HONG KONG, Jan 26: A more than six per cent collapse in Shanghai led Asian markets lower Tuesday as a two-day global rally fuelled by stimulus talk came to an abrupt end following sharp losses in US and European markets while oil prices tanked again.
There had been a glimmer of hope that the worst start to a trading year on record may be easing, with a surge across all assets spurred by a European Central Bank pledge Thursday to further ease monetary policy.
A report suggesting the Bank of Japan (BoJ) was considering similar moves fanned the optimism, with crude surging about 15 per cent over the two days and equities seeing blistering gains. But analysts said the euphoria subsided as the realisation set in that the oil market is far too oversupplied for its weak demand, and with China's economy continuing to struggle.
"Obviously investors are working through some potentially difficult issues in their minds about the state of the world economy," John Carey, a Boston-based fund manager at Pioneer Investment Management, told Bloomberg News. Shanghai, which has already this year lost about 17 per cent, slumped 6.4 per cent by close Tuesday.
The slump came despite the People's Bank of China pumping $67 billion into the money market in a bid to ease tight liquidity ahead of the Lunar New Year holiday. The injection was the largest since 2013, Bloomberg News reported.
But analysts said dealers took their cue from losses in New York, where all three main indexes lost more than one per cent. Also taking a painful hit was Tokyo's Nikkei, which lost 2.4 per cent, while Hong Kong was 2.5 per cent lower. Seoul closed 1.2 per cent lower while there were also hefty losses in Manila and Taipei. Sydney was closed for a public holiday.
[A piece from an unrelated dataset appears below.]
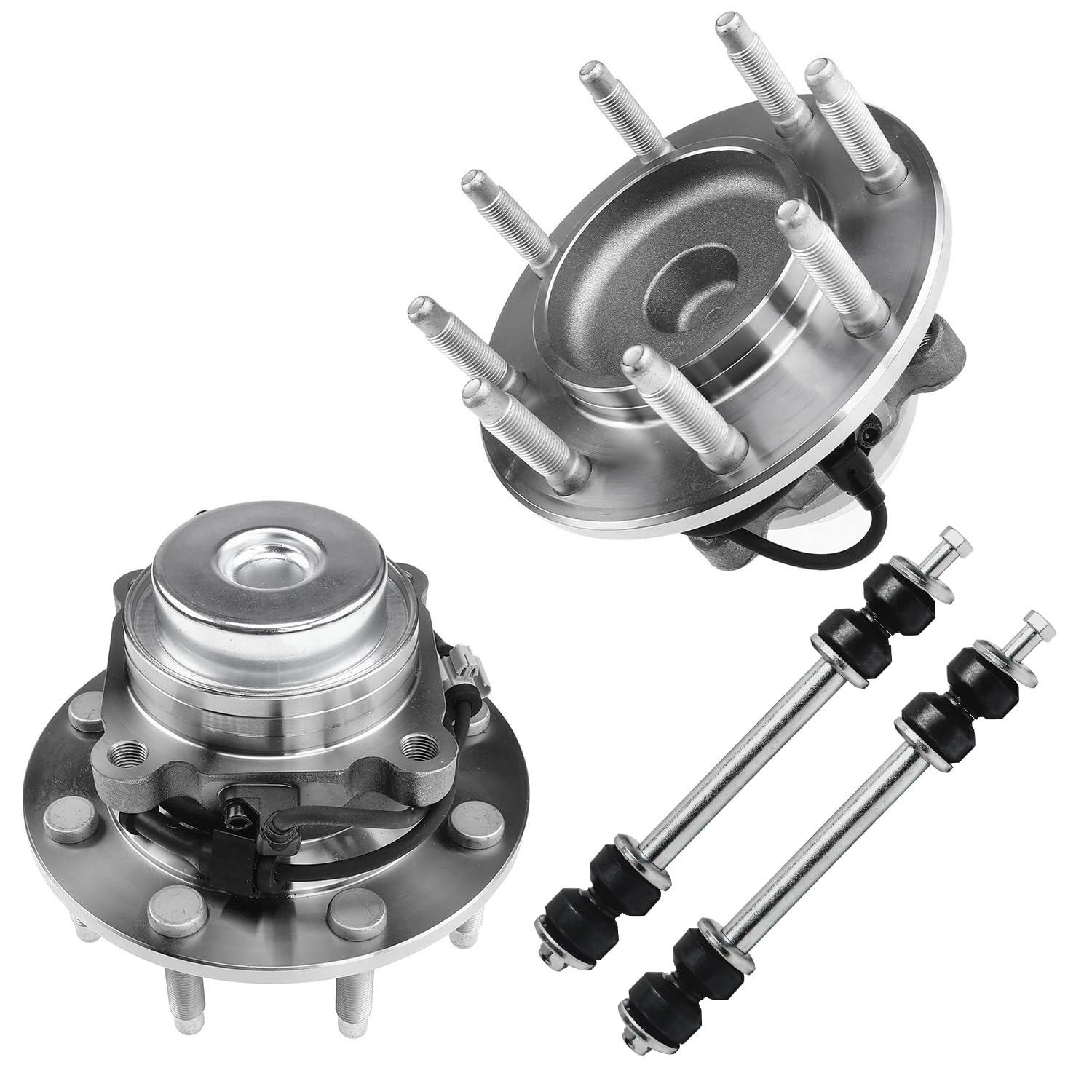 4pc Front Wheel Hub and Bearings Sway Bar Links Suspension Kit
In Europe London and Frankfurt opened 1.4 per cent lower, while Paris shed 1.7 per cent.
After ECB boss Mario Draghi's comments on stimulus last week, dealers will be closely following the rhetoric coming out of the US Federal Reserve when it ends its policy meeting Wednesday, which will be followed by the BoJ's on Friday.
The Fed's last session saw it lift interest rates for the first time in almost a decade, citing confidence that the US and global economies were picking up.
With markets from Asia to the Americas seeing trillions of dollars wiped off their valuations since then, experts are keen to find out policymakers' current views.